2019年3月15日、第617回札幌交響楽団定期演奏会を聴いてきた。曲目はペンデレツキ「広島の犠牲に寄せる哀歌」、ショスタコーヴィチ「ヴァイオリン協奏曲第1番」、ストランヴィンスキー バレエ音楽春の祭典」だった。指揮はポーランド出身のクシシュトフ・ウルバンスキ、ヴァイオリン独奏はフランスのアレクサンドラ・スムだった。

 プログラムによると、哀歌は「52の弦楽器のために弦楽器の表現の可能性を様々な角度から追及し、各種の特殊奏法、騒音的効果、微分音の集積によるトーンクラスタ(音群)手法などを表現力豊かに駆使」とある。一般的な「曲」というよりは弦楽器で出せる様々な「音」の集積と言ったほうがわかりやすいかもしれない。

 Vn協奏曲は4楽章からなり緩-急―緩-急という楽章の並びになっている。あまり聴きなじみがなく、ゆっくりと始まるので寝ている聴衆の方も結構いた。私も実演で一度聴いたことがある。かなり前にウィーンムジークフェラインザールでルクセンブルク管弦楽団の演奏でソリストが女性だったことぐらいしか記憶になく、どんな曲だったかどんな演奏だったかも覚えていない。それでも今日聴いた演奏はとても聴き応えがありよかった。テクニックも素晴らしい。

 春の祭典は一番楽しみにしていた曲目だ。kitaraでは2013年2月4日にエサ=ペッカ・サロネン指揮、フィル・ハーモニア管弦楽団の演奏で聴いている。その頃に書いた友人あてのメールを読むと「ピアニッシモは遠くへ消え入るように繊細、フォルテッシモでは音が割れんばかりの豪快さでした。リズムも的確で音の厚みもありました」と書いている。確かにいい演奏だった印象は残っているが細かいところまでは流石に記憶はないが、果たして札響はどんな演奏になるのか楽しみだった。

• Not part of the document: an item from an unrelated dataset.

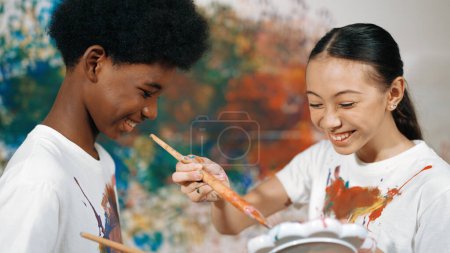 Photo for Smiling diverse children using paint brush painted color on each other white shirt shirt at colorful stained wall in art lesson. Represent exchanging experience, learning each other. Edification. - Royalty Free Image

 冒頭のファゴットの音からやられたという感じになった。もっと静かに始まるものと予想していたのが、いきなり大きめの音で始まったからだ。これですっかり音楽の中に引き込まれた。静かな箇所では息を殺して次になにか起こるのかと固唾を飲んでいなくてはならず、そこに突然パーカッションが叩きつけるように響き、金管が咆哮する。忘れかけていた記憶をたどるとフィル・ハーモニアのハルサイはそれなりにうまくコントロールされた上手さがあった。それと比べると今回のウルバンスキと札響の演奏は野性味あふれた原始のリズムと響きを再現させた演奏と言える。春の祭典にはわざと演奏者がそれぞれの楽器で出しづらい音程の旋律があると聞いたことがある。しかし、現代のオーケストラ奏者は高度なテクニックを身に着け、作曲者が当初予想した弾きづらさによって出てくる響きを難なく弾きこなすようになった。これは録音を聴くとよくわかる。

 春の祭典はやはり「原初のリズムと響き」だと思う。今回の定期はその意味でもとてもよかった。